Hamilton proposed a similar program, which was largely implemented by Congress and President Washington by 1793, putting America on course to become the richest country in the history of the world. His "American Plan" included:
"Protecting duties on those foreign articles which are the rivals of the domestic ones intended to be encouraged"
"Prohibition of rival articles, or duties equivalent to prohibitions"
"Prohibitions of the exportation of the materials of manufacturers"
"The exemption of the [raw] materials of manufactures from duty"
A system to regulate the quality of production for export: "Judicious regulations for the inspection of manufactured commodities"
And a banking system and navy to make trade easier and protect vessels at sea
From 1793 until 1981, Hamilton's system made America - and America's working class - the richest in the world. We imported iron ore from overseas, for example, turned it into steel, made that into cars and washing machines and a million other things, and sold them all over the world. And the money came to America, making us richer.
Our tariff system was so successful that it paid 100% of the cost of running the US federal government, from the salaries of Congress to the cost of the Army and Navy and everything in between, from the administrations of Washington to Lincoln. From Lincoln to WWI, tariffs paid between two-thirds and half of the total cost of government.
It's why we didn't even have an income tax until 1913, outside of a brief period during the Civil War. But the main benefit of Hamilton's system wasn't the tariff revenue: it was Smith's application of labor to raw materials - manufacturing - that built the "wealth of the nation" of the USA.
Then came neoliberal "free trade" ideology as the centerpiece of the Reagan Revolution. The CEOs of America's manufacturing companies were looking at the high cost of their mostly-unionized American labor force and saying, "But I can get people in Mexico or China to make this same product for $2 an hour!"
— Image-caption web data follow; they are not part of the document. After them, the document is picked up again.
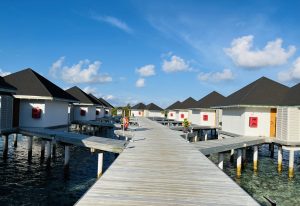 A wooden pathway extends over clear blue waters, leading to a series of overwater bungalows with sloped roofs.

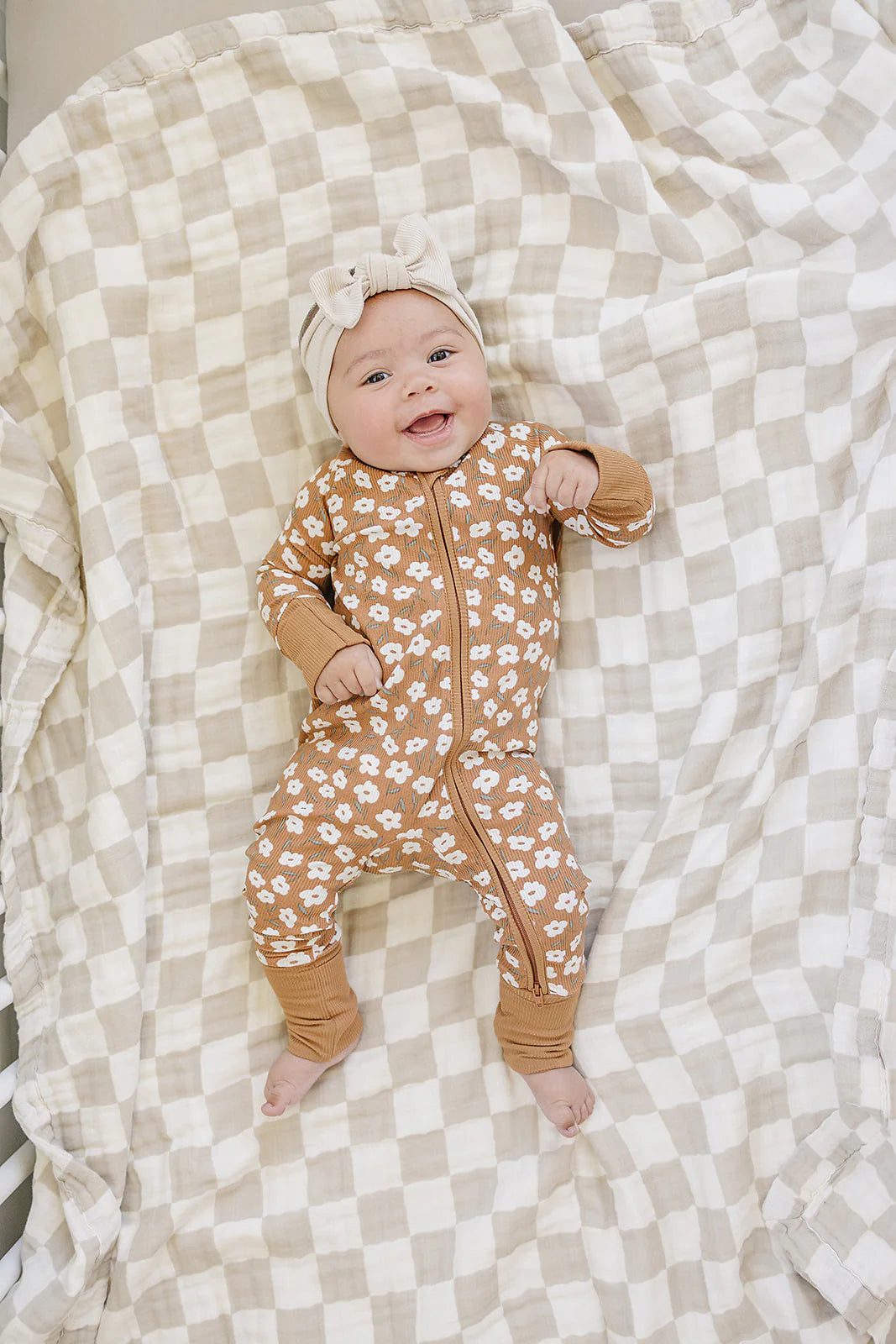 Baby in mustard floral ribbed bamboo zipper footie on a patterned blanket, smiling happily.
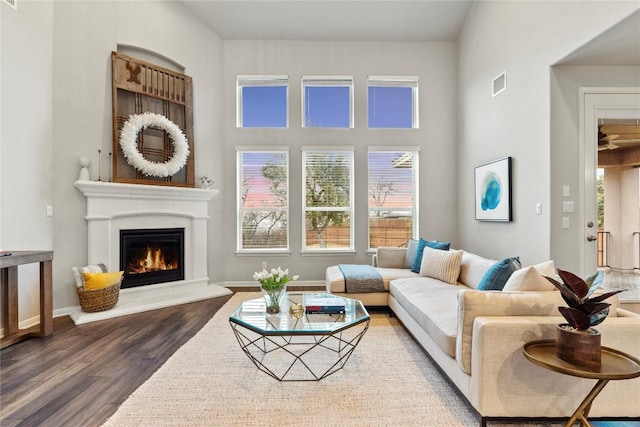 living room with dark hardwood / wood-style flooring and a high ceiling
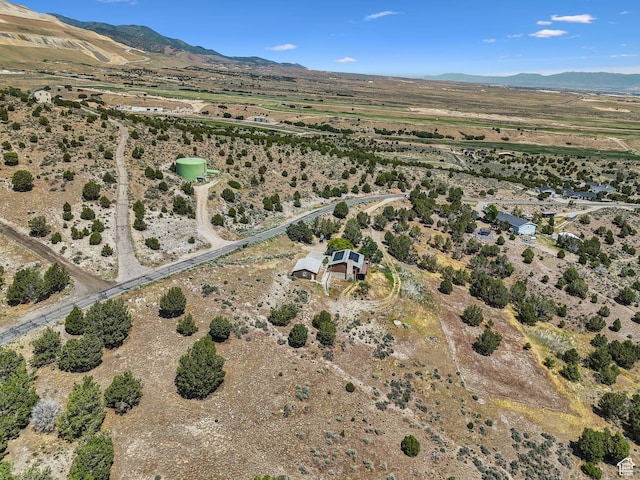 8043 W Hi Country Rd S, Herriman, UT 84096 - aerial overview of property's location with rural landscape and a mountainous background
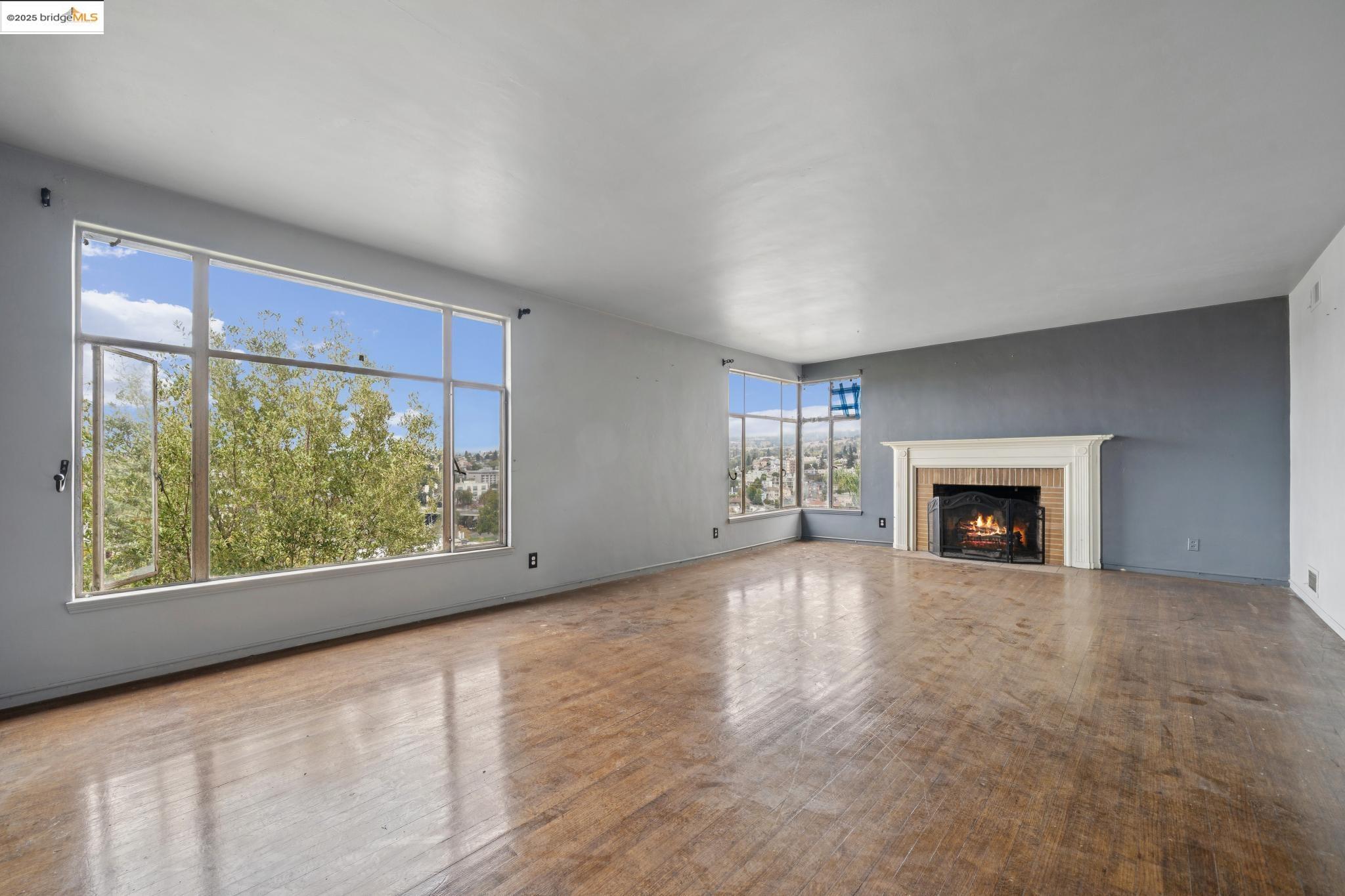 521 Merritt Avenue Oakland, CA 94610 - Photo 8 of 27 a view of an empty room with a window and a fireplace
A major campaign began to "liberalize" American trade policy, complete with think-tanks and people like New York Times columnist and billionaire Thomas Friedman, who argued that no two nations with a MacDonald's had ever gone to war. Therefore, he said, we should simply throw open the doors of America to "free trade" imports while encouraging American manufacturing companies to move their production offshore.
As a result, we've lost 60,000 factories since the day Reagan was inaugurated. Not jobs - that's in the tens of millions, particularly when you count secondary jobs maintained in towns across America by the income of people with good union jobs - that's factories that were simply abandoned or moved, brick-by-brick, from the US to Mexico, China, Vietnam or other low-wage nations.
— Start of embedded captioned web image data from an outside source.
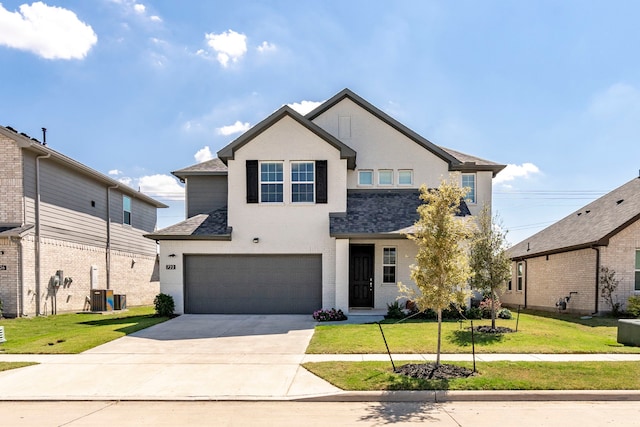 view of front of house featuring a garage, driveway, a front lawn, and a shingled roof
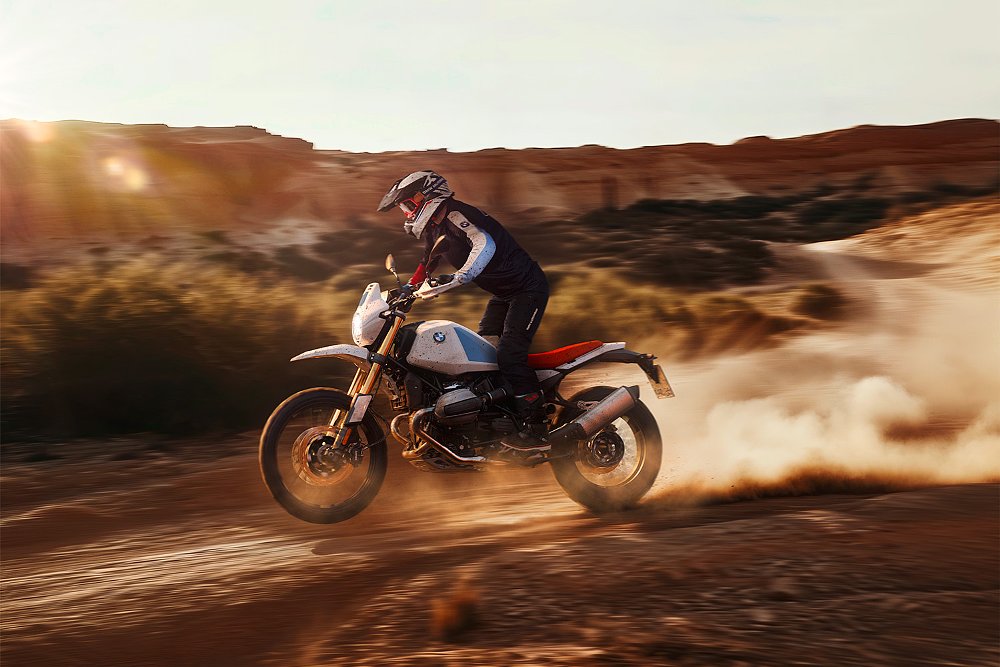 An A.I.-generated image of an R 12 G/S rider plowing through a dusty trail.
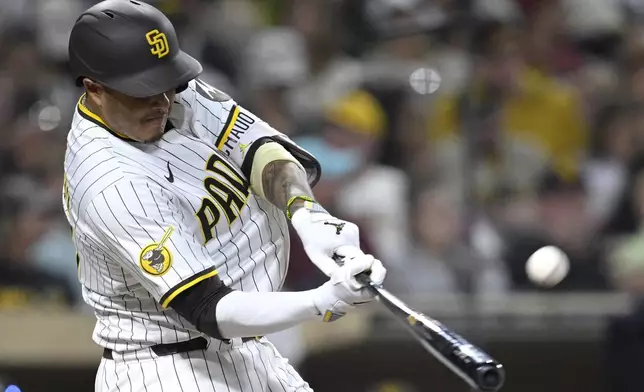 San Diego Padres' Manny Machado hits a home run against the Arizona Diamondbacks during the eighth inning of a baseball game against the Arizona Diamondbacks Monday, July 7, 2025, in San Diego. (AP Photo/Orlando Ramirez)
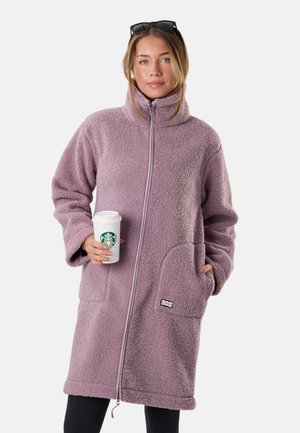 Kobieta o jasnobrązowych włosach, z okularami przeciwsłonecznymi na głowie, ubrana w długi fioletowy polar, trzymająca w prawej ręce kubek Starbucks.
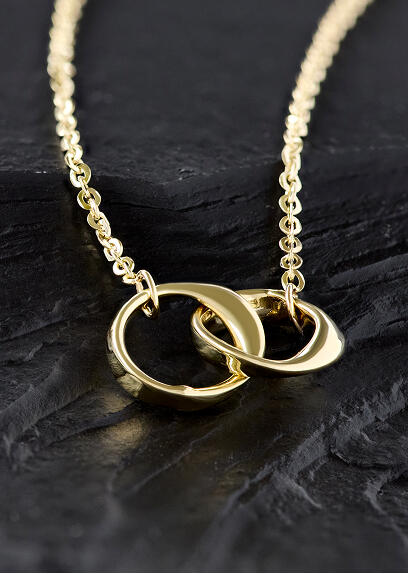A yellow gold necklace featuring two interlocking rings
As the Council on Foreign Relations noted, "U.S. manufacturing employment dropped from 26 percent of the workforce in 1970 to 8.5 percent in 2016""
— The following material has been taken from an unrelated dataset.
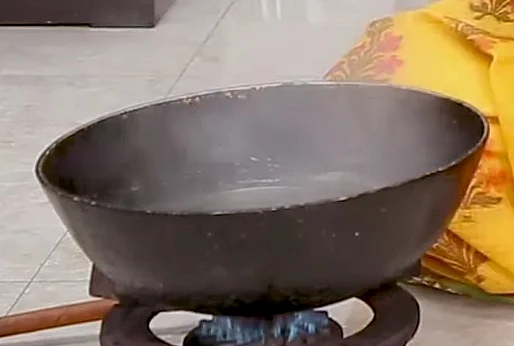 <div class="paragraphs"><p>For making the dhokla, boil some water in a utensil.</p></div>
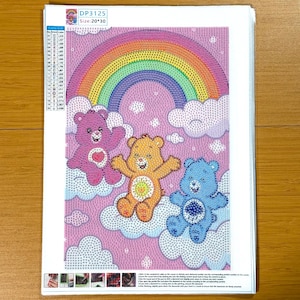 May include: A diamond painting kit featuring three colorful Care Bears floating on clouds under a rainbow. The image is 20 x 30 inches in size. The bears are pink, orange, and blue, each with a unique belly badge.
Keep in mind, manufacturing is the single most effective way to build the "wealth of a nation." Even when products are sold overseas, that wealth always comes back home.
When Reagan was sworn into office, Sam Walton's slogan for his Wal-Mart chain was "100% Made In America!" Today, it might as well be "Nothing but cheap junk made in China, where we send all your wealth except what we can skim off the top!"